BBC is producing a new 20 part drama for this holiday season, which is titled, Dickensian. It sounds pretty intriguing, as it will feature various famous Dickensian characters all interacting with each other. Here is a link to the DailyMail article, which has a promotional poster with all of the characters. The ones we’ll all recognize are from A Christmas Carol and Oliver Twist.
Obviously, Dickens remains relevant since the BBC has produced a series based on his characters, which means they think the lure of Dickensian characters will be appealing to people. What I found even more interesting is this article, which features quotes from Dickens’s biographer, Claire Tomalin. In the article, Tomalin claims, “Dickens is very relevant at the moment in England. Because we are producing Dickensian conditions again…The need for food banks, the ending of children’s support from the state, the attack on the health services and the BBC, the universities being commercialised – so many of the things that Dickens fought for and stood for are being attacked. I think he was never so relevant. We miss him.”

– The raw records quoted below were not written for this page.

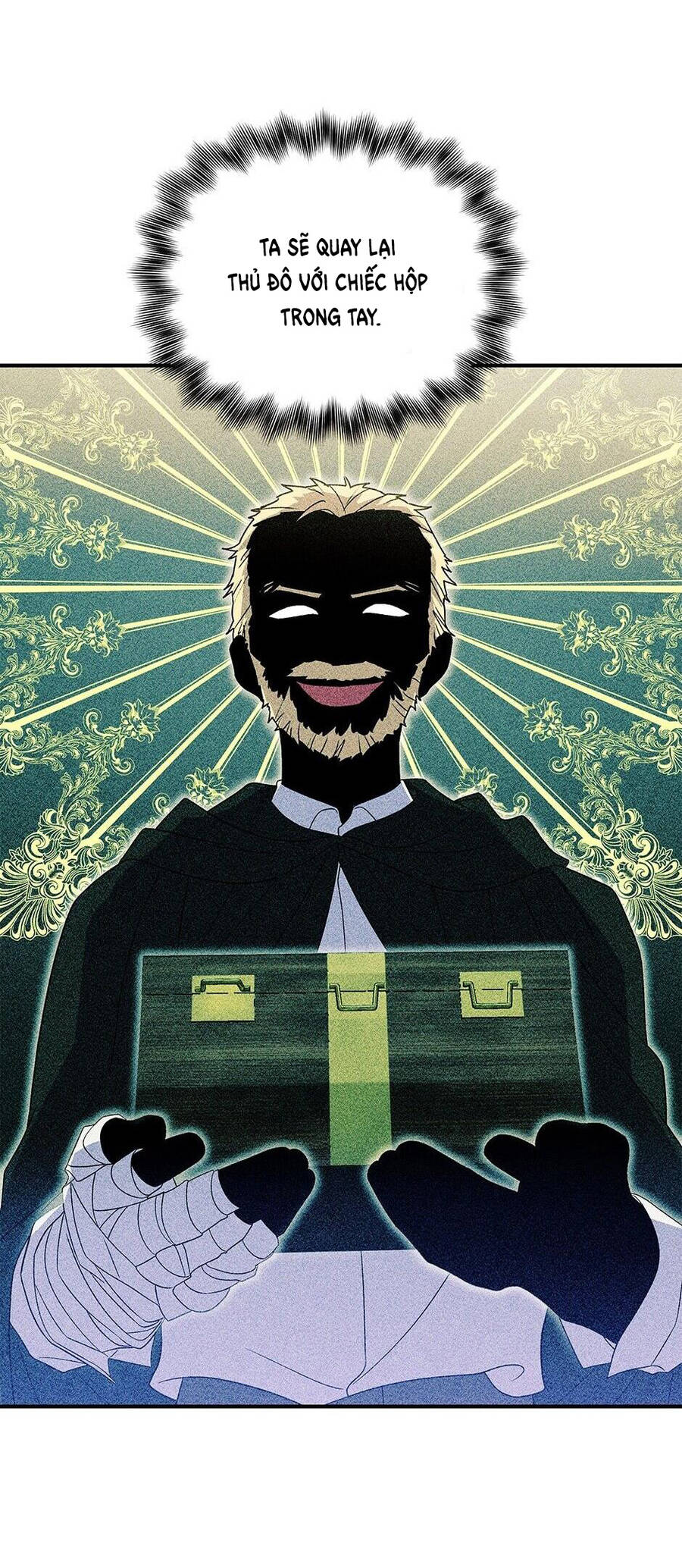 Bản Khế Ước Với Nữ Công Tước Ác Ma - Chương 115 - Trang 52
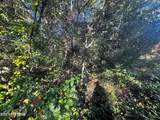  Falling Leaf Rd - Photo 32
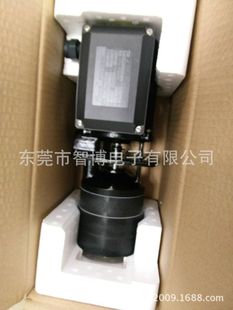 立式 循環(huán)泵 LDPB1 冷水機(jī)使用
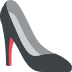👠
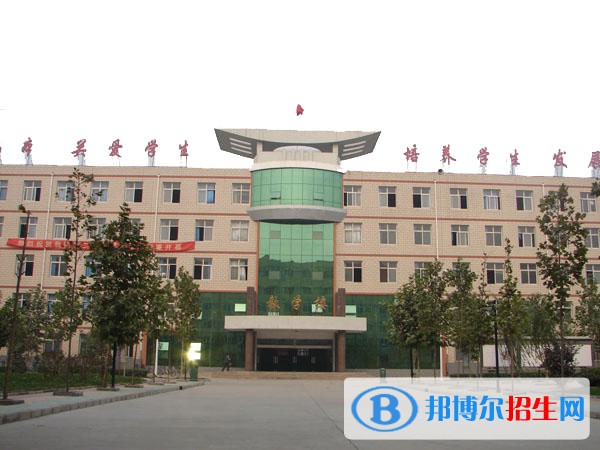 石家莊2023年讀什么計算機(jī)學(xué)校最有前途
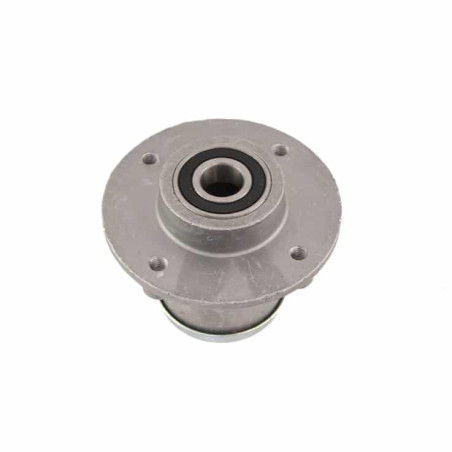 Palier de lame 1134-3841-02 / 1134384102 STIGA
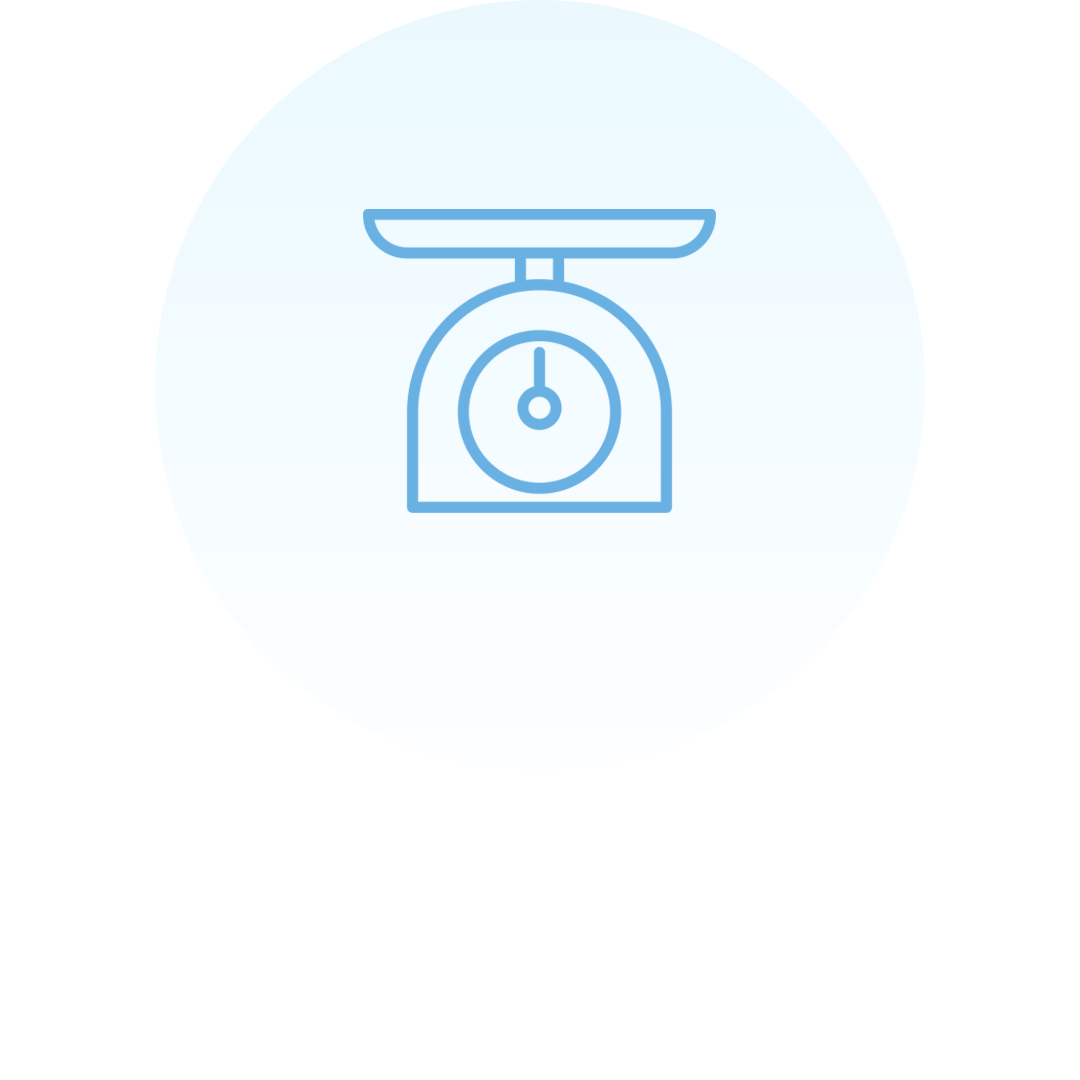 Торговое оборудование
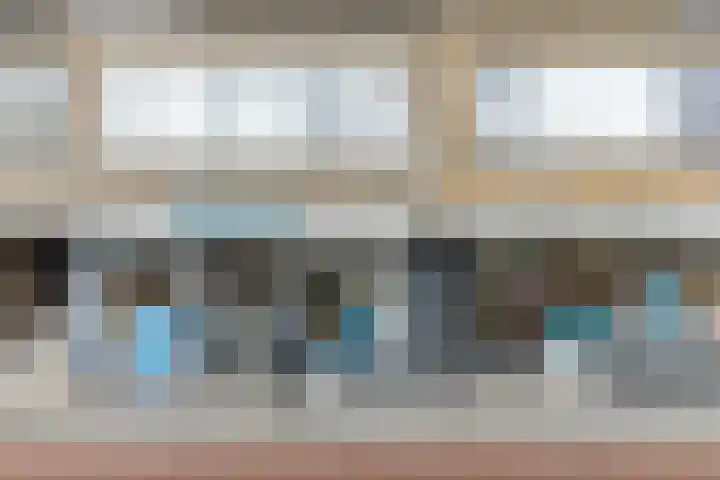 Groeninxstraat 10 B Rotterdam thumbnail 30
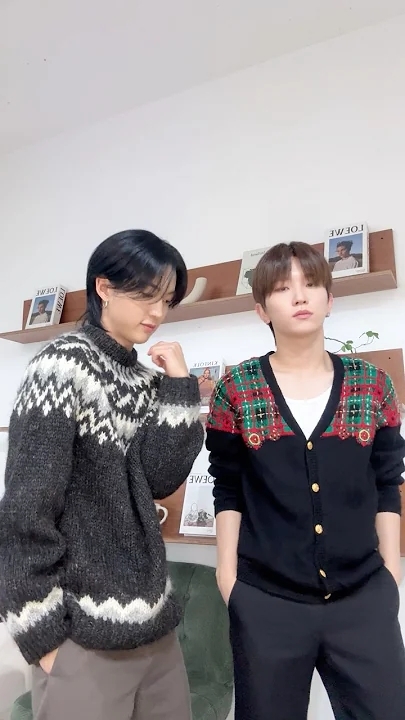 TNX粉丝拍下的瞬间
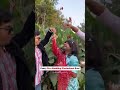 Every prewedding photoshoot shorts ytshorts comedy rishabhhshukla wedding couplegoals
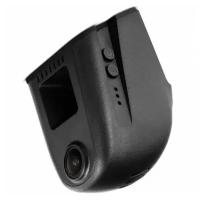 Штатный видеорегистратор для Audi FinalCam CARDV AUD III Black
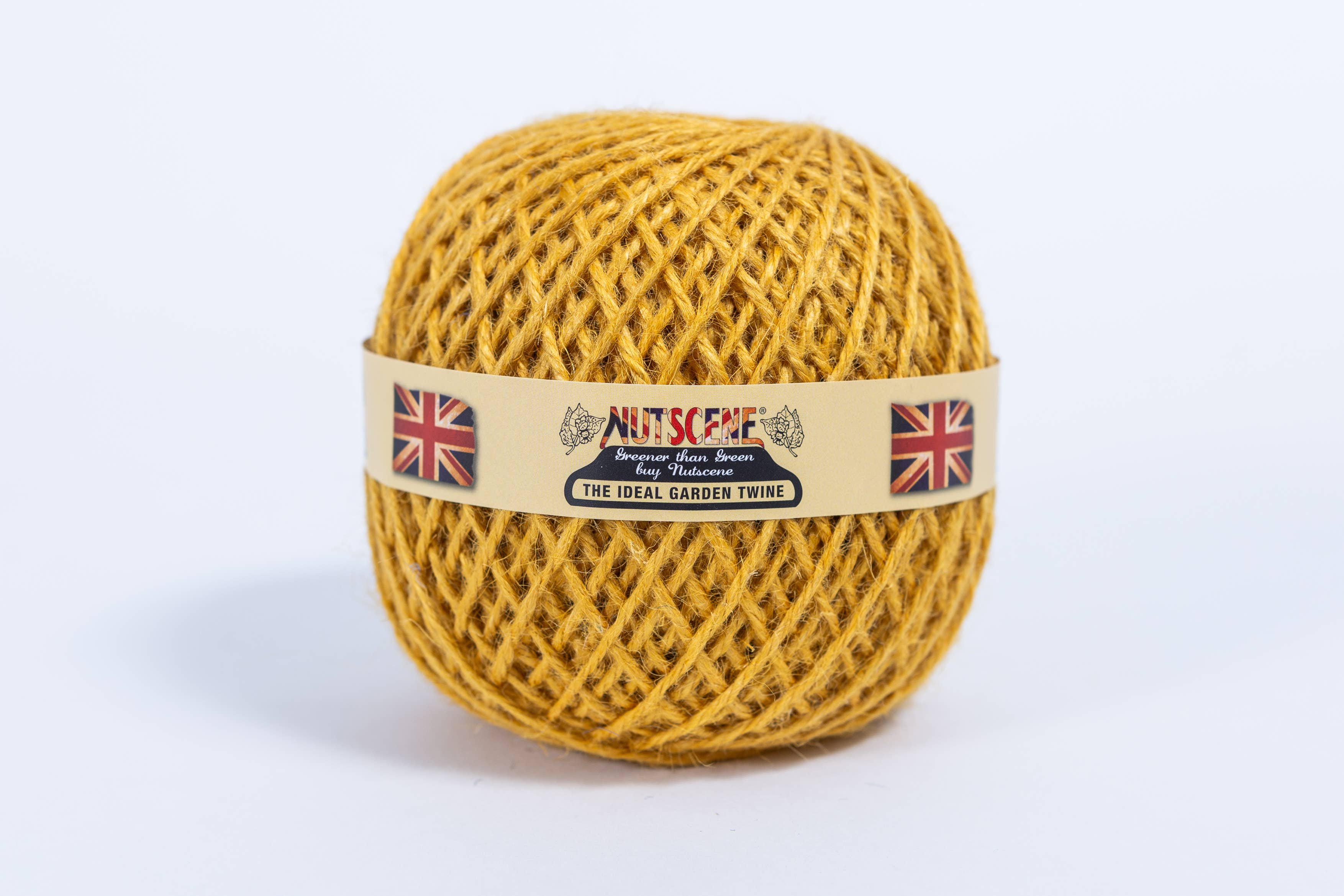 Nutscene Twines Ltd - Wholesale Twine - Nutscene® Twine Holder & Dispenser23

In Riley’s blog post, she wondered what social problems Dickens would find relevant today. Tomalin gives her best guess at an answer here. Although her response is more focused on Britain’s problem as a nation, I think a lot of what she says about the current dire conditions of poverty is applicable to us in the United States. As a whole, we tend to dismiss social conditions of historical times as being inherently worse than current times. We like to think we become more progressive as time passes. However, I think Tomalin’s statements have a lot of truth to them. As a current society, we do prioritize some social issues, especially those related to race, gender, and sexuality, that Dickens didn’t emphasize in his novels. However, can we really say conditions and opinions of poverty are much different than they were in Dickens’s time? I think about how people still hold the “poor people are just lazy” sentiment or how there are still so many socioeconomic disparities in healthcare. Tomalin is right in this regard; I would attribute some of Dickens’s continued popularity to the fact that many of these social issues still haven’t been fixed or gone away, even in present day.
To quote A Christmas Carol, “This boy is Ignorance. This girl is Want. Beware them both, and all of their degree, but most of all beware this boy, for on his brow I see that written which is Doom, unless the writing be erased. Deny it!” Dickens’s warning remains as true as ever. We must remain alert to the social injustices of our time and especially ones that aren’t immediately visible, usually concerning those who often don’t get a voice in mainstream media.